Director for Projects of MTS Technologies, Mathew Udanogh whose company was to run the project through a concession agreement however disclosed investigating Committee led by Hon Daniel Asuquo that they were to manage the network for 33 years.
He said the first three years was to set up the place before operating for profit. He said the concession agreement calls for a minimum investment of $100 million towards rehabilitation of the network.
“It is a security network, a telecommunications network that was built and commissioned approximately 2012. It was built with a technology called CDMA. The sponsoring Ministry is the Ministry of Police Affairs. It is a network of about 700 base stations and towers built around the country.”
According to the Director, the original intention was that the network would be operated with government subventions and budgets approvals by the National Assembly, but the government decided to concession it which started in 2014.

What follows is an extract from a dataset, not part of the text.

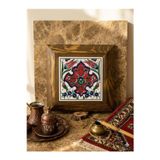 Nature Glow Naturel Glow Ahşap Çerçeveli El Yapımı Modern Çini Karo Tablo - Dekoratif Konsol Objesi 16X16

Asuquo added that the Federal Executive Council approved the concession in 2019. “Thereafter they appointed a committee to select one of the top four accounting companies, KPMG, to do a nationwide audit of all the assets associated with this NPSCS. They conducted that audit and the conclusion of that audit, which led us to a full business case using the ICIC process and all of that information was resubmitted to the FEC and gave its approval for it to be entered to. This was in December 2020. In January 2021, the concession agreement was signed. “Our job is to rehabilitate a network with this investment and make services available to the police and other security agencies so they can have advanced communications capabilities. We provide the services to the police but also provide it in a more limited way to commercial customers. “There would be a three year rehabilitation period to bring up the network. All the equipment have to be replaced as it is an older technology. Network technologies have advanced since that time. So, in fact, we want to implement the latest technologies available. We would be launching with advanced technology. After three years, we engage fully in commercial services. “An audit was performed on that network to bring up what is its current value today and it came to approximately $17 million. This network was not used so all the base stations have to be totally replaced and it cannot be used for any other thing. “The vendors that built the network operated for six months and then they were no funds to continue operating and they stopped operating. Since that time there has been an effort to find out how to fund operations because it is one thing to build a network and it is another thing to fund operations. No provision was made in the loan for how to operate the network. “The expectation was that the National Assembly would provide subvention funds for operating the network which probably is not too efficient because you know the budget process and you are running a business. Every year you are expecting the government to give you the money that you will use to operate the network. That was not going to be very efficient. Eventually, they realized that the best way to run it was to have the private sector operate it on a commercial basis so that they can be generating funds to operate it”, he said.